Residential Standby Generators for EMP
and Severe Solar Storms
by Jerry Emanuelson
This is the first draft of a page of things that you need to think about when purchasing or installing a standby electric generator with something like residential-sized capacity, especially when you have electromagnetic pulse hazards in mind. Many readers have requested that I put this page up as soon as possible, even though it is not fully complete. I will also briefly discuss portable generators.
I am going to be discussing this subject with broad generalizations. The home generator market has changed rapidly during the past few years, but a number of possible pitfalls and important considerations for buying a standby generator have remained the same. Recommending one particular brand or fuel source would be futile because models change so often, and the importance choice of a fuel supply (as discussed below) is very specific to your particular situation and location.
It is important here to once again stress the differences between nuclear EMP and the disturbances caused by solar storms.
It is difficult to fully protect a typical whole-house generator from nuclear EMP, although much can be done.
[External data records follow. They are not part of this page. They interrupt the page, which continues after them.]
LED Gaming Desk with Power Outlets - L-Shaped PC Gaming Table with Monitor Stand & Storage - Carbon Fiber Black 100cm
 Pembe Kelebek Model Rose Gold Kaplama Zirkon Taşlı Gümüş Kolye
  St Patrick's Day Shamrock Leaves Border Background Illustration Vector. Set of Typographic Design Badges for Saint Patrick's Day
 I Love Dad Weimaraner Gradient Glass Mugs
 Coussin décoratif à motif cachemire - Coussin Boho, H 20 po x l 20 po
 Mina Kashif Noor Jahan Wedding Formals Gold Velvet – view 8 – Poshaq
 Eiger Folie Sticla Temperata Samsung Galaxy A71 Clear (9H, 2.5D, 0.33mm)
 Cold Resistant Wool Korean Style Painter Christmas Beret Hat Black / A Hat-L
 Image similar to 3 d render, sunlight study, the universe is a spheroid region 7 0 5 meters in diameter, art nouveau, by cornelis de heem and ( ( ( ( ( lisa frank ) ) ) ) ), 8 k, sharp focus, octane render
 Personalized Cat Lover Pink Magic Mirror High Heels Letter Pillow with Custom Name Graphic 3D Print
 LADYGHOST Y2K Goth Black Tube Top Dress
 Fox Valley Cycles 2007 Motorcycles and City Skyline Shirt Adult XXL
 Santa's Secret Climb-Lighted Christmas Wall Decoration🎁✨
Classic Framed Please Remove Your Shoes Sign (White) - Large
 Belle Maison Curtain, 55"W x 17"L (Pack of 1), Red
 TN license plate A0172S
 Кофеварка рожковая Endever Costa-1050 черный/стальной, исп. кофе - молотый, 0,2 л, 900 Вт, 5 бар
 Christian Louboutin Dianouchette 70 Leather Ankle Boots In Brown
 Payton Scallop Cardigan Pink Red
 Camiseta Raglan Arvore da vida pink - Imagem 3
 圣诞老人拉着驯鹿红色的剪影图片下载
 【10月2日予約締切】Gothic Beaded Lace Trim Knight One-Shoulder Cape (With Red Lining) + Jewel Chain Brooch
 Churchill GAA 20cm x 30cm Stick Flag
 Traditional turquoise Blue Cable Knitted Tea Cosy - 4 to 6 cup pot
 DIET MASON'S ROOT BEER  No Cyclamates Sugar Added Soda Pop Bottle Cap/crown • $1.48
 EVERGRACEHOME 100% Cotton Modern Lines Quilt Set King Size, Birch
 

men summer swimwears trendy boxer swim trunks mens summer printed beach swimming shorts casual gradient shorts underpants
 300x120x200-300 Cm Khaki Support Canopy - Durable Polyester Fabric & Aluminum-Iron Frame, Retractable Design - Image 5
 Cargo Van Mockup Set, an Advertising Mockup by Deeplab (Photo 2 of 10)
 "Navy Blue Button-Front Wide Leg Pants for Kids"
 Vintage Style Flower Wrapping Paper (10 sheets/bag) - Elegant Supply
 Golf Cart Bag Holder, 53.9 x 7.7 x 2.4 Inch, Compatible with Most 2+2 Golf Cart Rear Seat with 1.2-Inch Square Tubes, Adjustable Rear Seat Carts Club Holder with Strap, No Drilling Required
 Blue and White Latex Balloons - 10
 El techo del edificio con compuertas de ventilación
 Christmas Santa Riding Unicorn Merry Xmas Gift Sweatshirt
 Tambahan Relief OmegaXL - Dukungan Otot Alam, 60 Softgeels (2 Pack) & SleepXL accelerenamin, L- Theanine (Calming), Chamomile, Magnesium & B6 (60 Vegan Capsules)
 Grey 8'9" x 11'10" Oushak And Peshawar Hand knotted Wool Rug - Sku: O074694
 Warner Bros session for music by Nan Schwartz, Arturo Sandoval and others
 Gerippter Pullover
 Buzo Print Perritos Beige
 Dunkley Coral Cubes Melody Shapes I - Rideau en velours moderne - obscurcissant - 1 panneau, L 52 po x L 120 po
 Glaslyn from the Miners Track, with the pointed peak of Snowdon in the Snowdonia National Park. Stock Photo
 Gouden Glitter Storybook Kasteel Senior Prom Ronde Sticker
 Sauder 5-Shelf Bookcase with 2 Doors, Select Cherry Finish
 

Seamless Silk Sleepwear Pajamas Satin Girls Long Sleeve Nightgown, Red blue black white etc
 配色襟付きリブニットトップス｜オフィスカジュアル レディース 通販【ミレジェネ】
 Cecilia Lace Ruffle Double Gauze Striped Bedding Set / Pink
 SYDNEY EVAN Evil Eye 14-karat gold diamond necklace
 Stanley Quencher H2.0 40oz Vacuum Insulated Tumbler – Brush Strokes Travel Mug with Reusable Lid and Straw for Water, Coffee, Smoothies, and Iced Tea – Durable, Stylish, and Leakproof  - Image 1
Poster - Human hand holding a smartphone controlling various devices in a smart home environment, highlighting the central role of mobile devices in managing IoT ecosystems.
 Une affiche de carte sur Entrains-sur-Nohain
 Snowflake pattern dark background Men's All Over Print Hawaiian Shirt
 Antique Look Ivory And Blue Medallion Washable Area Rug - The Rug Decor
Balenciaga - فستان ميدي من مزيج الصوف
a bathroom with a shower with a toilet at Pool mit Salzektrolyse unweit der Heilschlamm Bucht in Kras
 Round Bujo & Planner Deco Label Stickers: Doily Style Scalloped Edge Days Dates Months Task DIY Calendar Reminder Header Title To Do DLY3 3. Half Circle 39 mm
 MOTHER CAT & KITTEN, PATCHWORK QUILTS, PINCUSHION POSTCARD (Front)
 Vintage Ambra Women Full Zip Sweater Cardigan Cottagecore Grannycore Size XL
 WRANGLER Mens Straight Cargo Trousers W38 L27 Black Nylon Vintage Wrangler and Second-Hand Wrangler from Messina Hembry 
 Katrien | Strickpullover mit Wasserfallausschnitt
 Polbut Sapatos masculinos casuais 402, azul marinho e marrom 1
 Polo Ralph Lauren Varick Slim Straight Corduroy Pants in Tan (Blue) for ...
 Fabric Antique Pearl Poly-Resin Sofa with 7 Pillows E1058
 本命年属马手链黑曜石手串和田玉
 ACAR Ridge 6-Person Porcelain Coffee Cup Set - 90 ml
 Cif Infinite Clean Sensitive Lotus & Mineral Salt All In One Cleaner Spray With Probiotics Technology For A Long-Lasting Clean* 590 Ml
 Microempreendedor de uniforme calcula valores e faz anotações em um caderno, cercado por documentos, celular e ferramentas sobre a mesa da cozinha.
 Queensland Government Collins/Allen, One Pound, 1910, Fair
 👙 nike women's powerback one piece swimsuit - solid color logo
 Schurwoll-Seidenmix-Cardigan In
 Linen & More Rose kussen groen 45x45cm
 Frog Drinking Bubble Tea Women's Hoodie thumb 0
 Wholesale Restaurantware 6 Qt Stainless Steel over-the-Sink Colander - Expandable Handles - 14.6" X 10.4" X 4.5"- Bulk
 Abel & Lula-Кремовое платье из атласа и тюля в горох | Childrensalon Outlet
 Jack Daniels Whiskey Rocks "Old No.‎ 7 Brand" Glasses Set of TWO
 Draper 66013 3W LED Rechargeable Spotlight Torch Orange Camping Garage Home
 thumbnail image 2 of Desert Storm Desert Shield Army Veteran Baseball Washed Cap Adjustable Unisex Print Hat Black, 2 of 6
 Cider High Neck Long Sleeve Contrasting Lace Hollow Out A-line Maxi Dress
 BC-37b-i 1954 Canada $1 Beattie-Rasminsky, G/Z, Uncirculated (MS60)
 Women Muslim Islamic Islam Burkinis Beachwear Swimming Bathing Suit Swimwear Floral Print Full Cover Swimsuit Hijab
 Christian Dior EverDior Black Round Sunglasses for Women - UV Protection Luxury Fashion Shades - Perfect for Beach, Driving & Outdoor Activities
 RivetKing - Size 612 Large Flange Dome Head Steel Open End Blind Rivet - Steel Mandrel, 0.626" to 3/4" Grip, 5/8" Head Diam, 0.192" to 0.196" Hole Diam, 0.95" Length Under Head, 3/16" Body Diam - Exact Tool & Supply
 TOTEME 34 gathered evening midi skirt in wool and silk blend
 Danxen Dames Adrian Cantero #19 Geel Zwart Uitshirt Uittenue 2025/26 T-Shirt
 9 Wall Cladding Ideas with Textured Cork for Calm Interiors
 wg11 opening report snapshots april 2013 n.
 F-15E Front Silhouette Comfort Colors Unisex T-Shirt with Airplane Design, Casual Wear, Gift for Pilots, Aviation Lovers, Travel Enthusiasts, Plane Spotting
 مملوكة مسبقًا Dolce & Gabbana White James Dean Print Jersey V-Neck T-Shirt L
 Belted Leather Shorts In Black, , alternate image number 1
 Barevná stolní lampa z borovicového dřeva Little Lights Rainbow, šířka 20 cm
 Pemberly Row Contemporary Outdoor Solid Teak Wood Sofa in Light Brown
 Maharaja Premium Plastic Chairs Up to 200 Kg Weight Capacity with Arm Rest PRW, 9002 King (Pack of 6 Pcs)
A solar storm is another matter entirely. Solar storms affect mostly the electric power grids, with the most severe solar storms damaging the larger transformers in the power grid.
The main danger to residential electric power during a severe solar storm is long-term loss of electricity from the power grid. This means that having any kind of a standby generator at all provides a large amount of protection from severe solar storms as long as you have a long-term fuel supply.
The one possible source of damage to electrical powered items during a severe solar storm comes from the possibility of AC from the power grid having an extremely distorted waveform before the electric grid finally collapses. There have been severe solar storms affecting power grids in high-latitude regions. The most notable of these storms severely affected the province of Quebec in Canada in 1989, and South Africa in 2003. In both cases, sections of the power grid collapsed fairly quickly, and I have found no reports of damage to any individually-owned items.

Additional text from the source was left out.